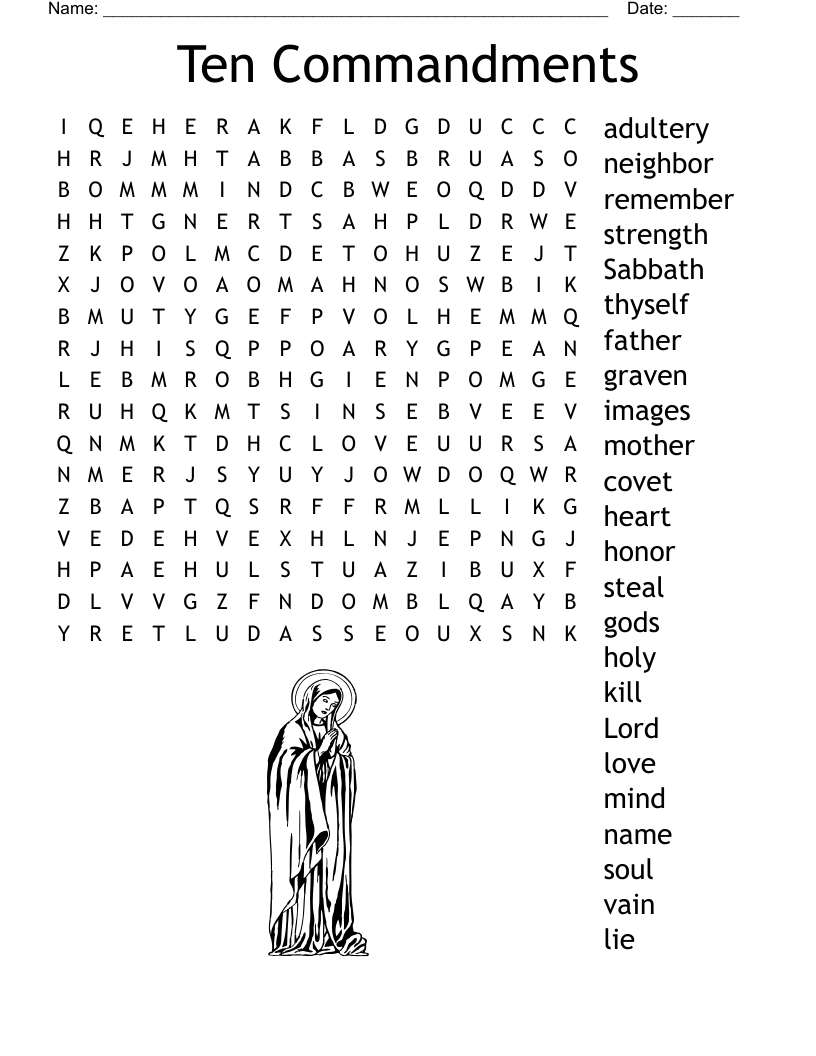 Ten Commandments Word Search WordMint Ten Commandments Word Search WordMint
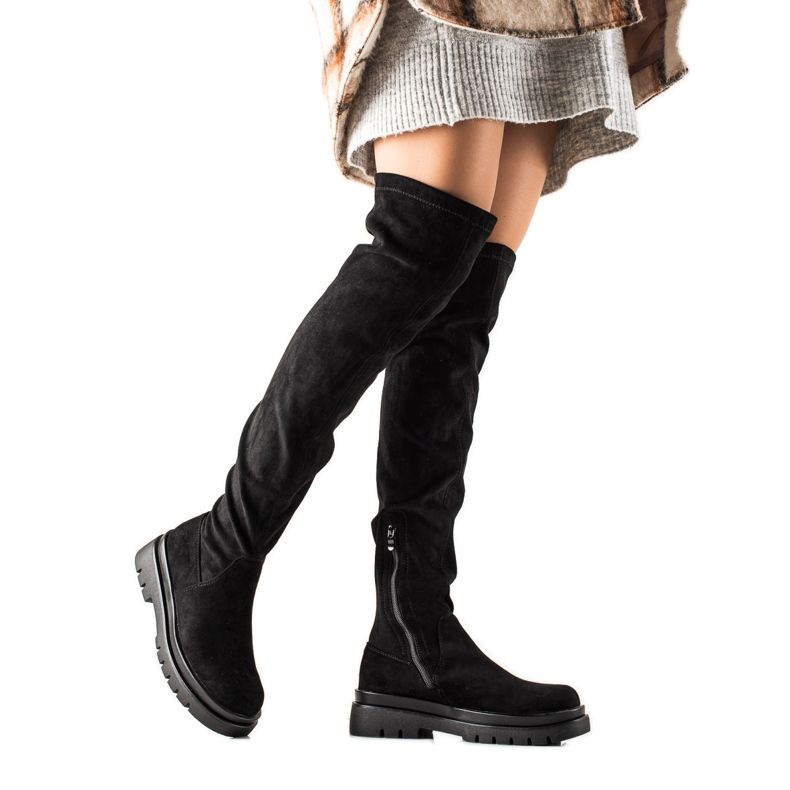 Sixth Sense Semišové stehenní boty na platformě černá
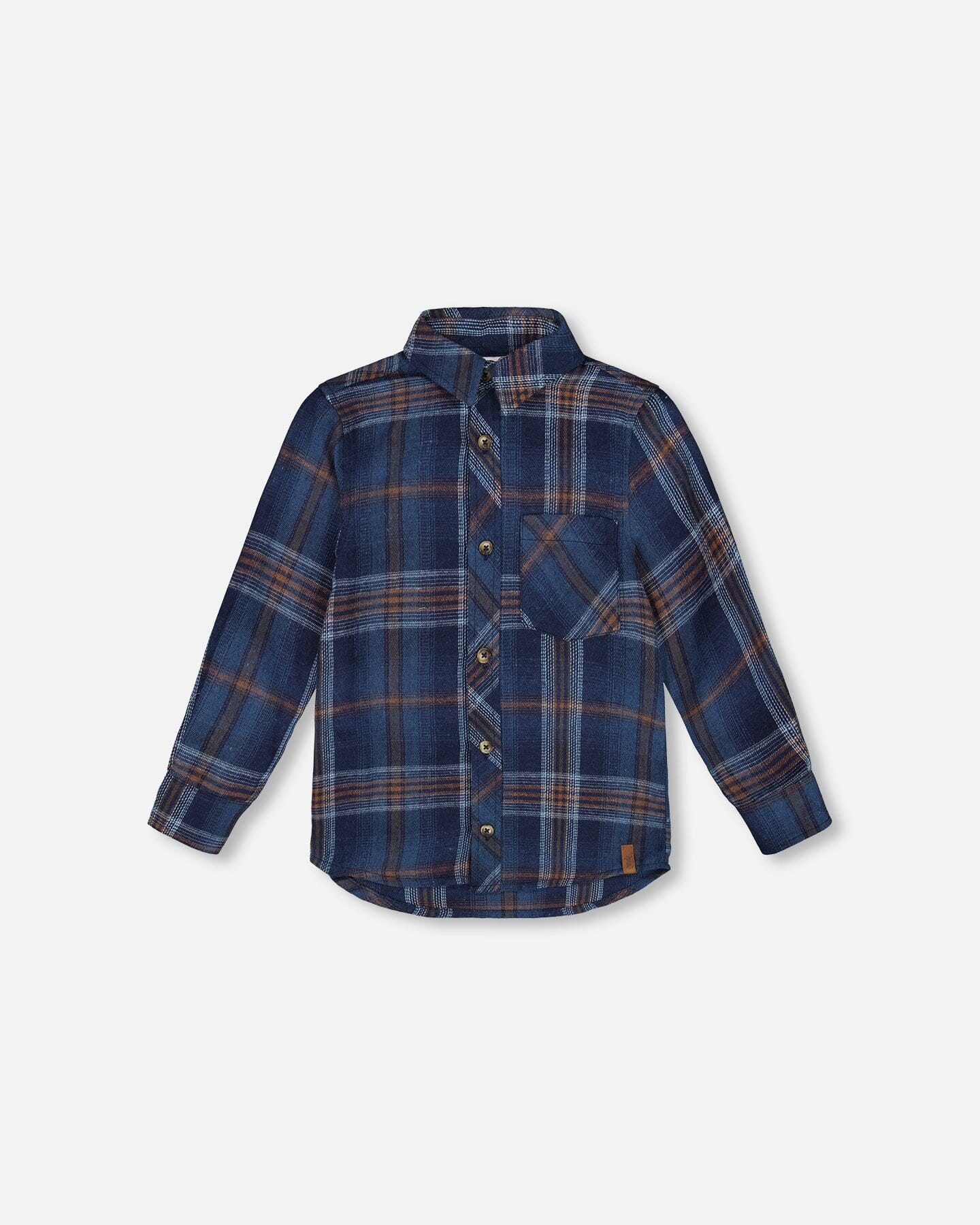 Long Sleeve Flannel Shirt Blue And Brown Plaid - H20U13_090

**The task**
Could you retype each line of the material above exactly, skipping the pictures?

**Reply to the exercise**
 Ten Commandments Word Search WordMint Ten Commandments Word Search WordMint
 Sixth Sense Semišové stehenní boty na platformě černá
 Long Sleeve Flannel Shirt Blue And Brown Plaid - H20U13_090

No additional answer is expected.